The choice to drink bottled water or tap water is ultimately your own, but there are some things you might want to take into consideration. People have been drinking water in bottles for a very long time, but the popularity of the product really began to explode in the 1990s. The proliferation of companies and products in this business became a major news item in the early 2000s, when many organizations debated the issue of bottled vs tap water. By being informed about the issues, you can make a better choice and defend that choice to people who might challenge it.
The history of bottled water is older than many people realize. As far back as Roman times, people collected water from special springs and wells and sold it in bottled form. This early product was collected for its perceived health benefits, and when the water industry started heavily marketing its product in the 20th century, claims of health benefits were common. The industry also suggested that this form was convenient because of its portability and safety.
There is a major problem with the safety claims made about this water, however. Safety standards are actually often more rigorous for tap water than they are for bottled. Municipal water supplies around the world must meet very strict requirements and undergo frequent testing to ensure that they remain safe. Bottled water standards tend to be more lax, and water is subject to contamination during the bottling process. If safety is your concern, you may want to stick to tap water.
The labeling of water is also not very carefully monitored. Much of it is actually straight from the tap, without any additional filtering or added ingredients. Not all companies are required to label the source of their water, and those that do label may hide the source information or flat-out lie. Unless their water is tested, these companies can profit on their claims of “artesian well water” or “spring water” until proven otherwise.

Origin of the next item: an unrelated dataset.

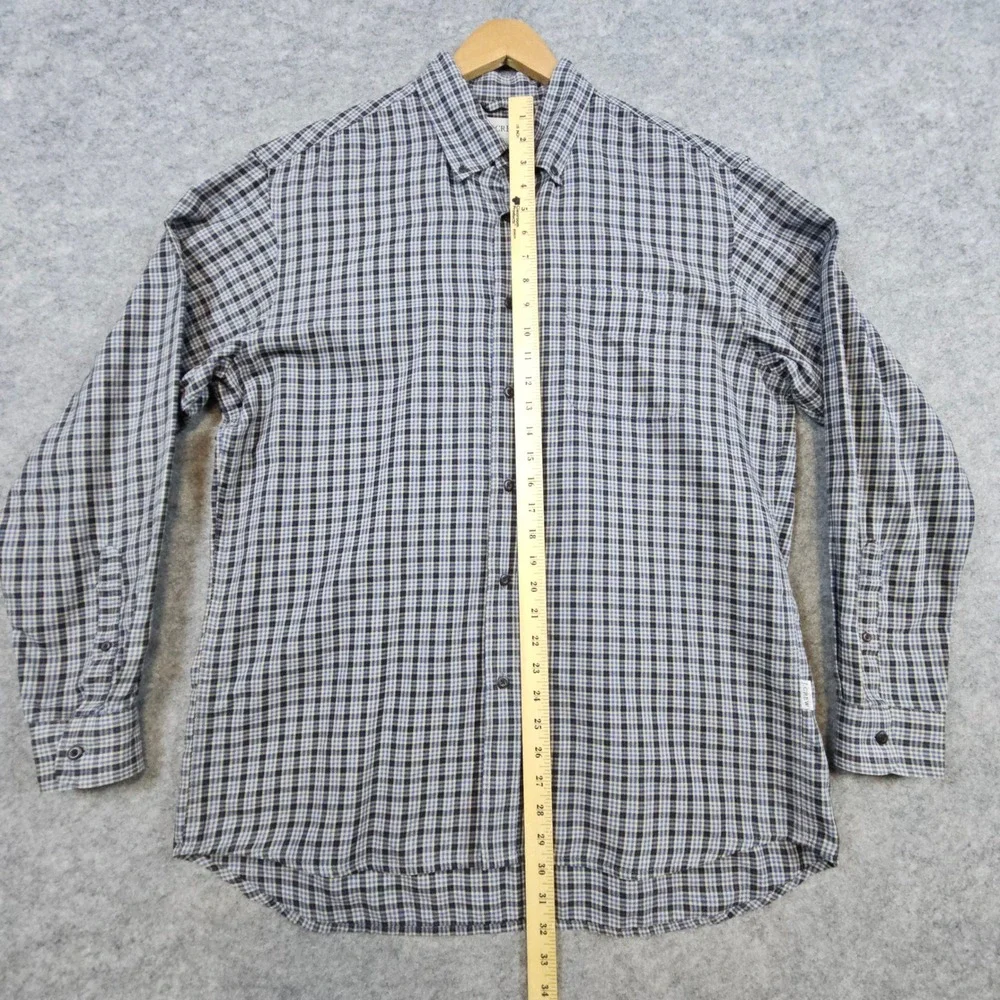 J Crew Men's Multicolor Mini-Check Shirt Size‎ M 100% Cotton Mini-Pane Preppy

Bottled water is also much more expensive than tap water, and not just directly. While the price often exceeds the cost of an equal amount of gasoline, it also carries a hidden environmental toll. Many consumers view water bottles as disposable items, and the plastic chokes landfills. Recycling can repurpose the plastics for other uses, but the bottles still stimulate the market for petroleum, as water bottles are rarely made from recycled plastic due to the expense involved.
If your concern is the taste of your tap water, this is entirely legitimate. The taste of tap water varies widely, depending on the pipes in your home, the source of the water, and how it is processed. You can reduce bad flavors by filtering your water, and you can rest assured that your tap water should be free of pathogens and contaminations by writing to the company that oversees the water supply and asking for test results. Many municipalities and water utilities also release test results to their customers yearly. To make tap water portable, just pour it into a bottle — ideally, a ruggedized bottle that is designed for a lifetime of use, rather than a flimsy plastic disposable one.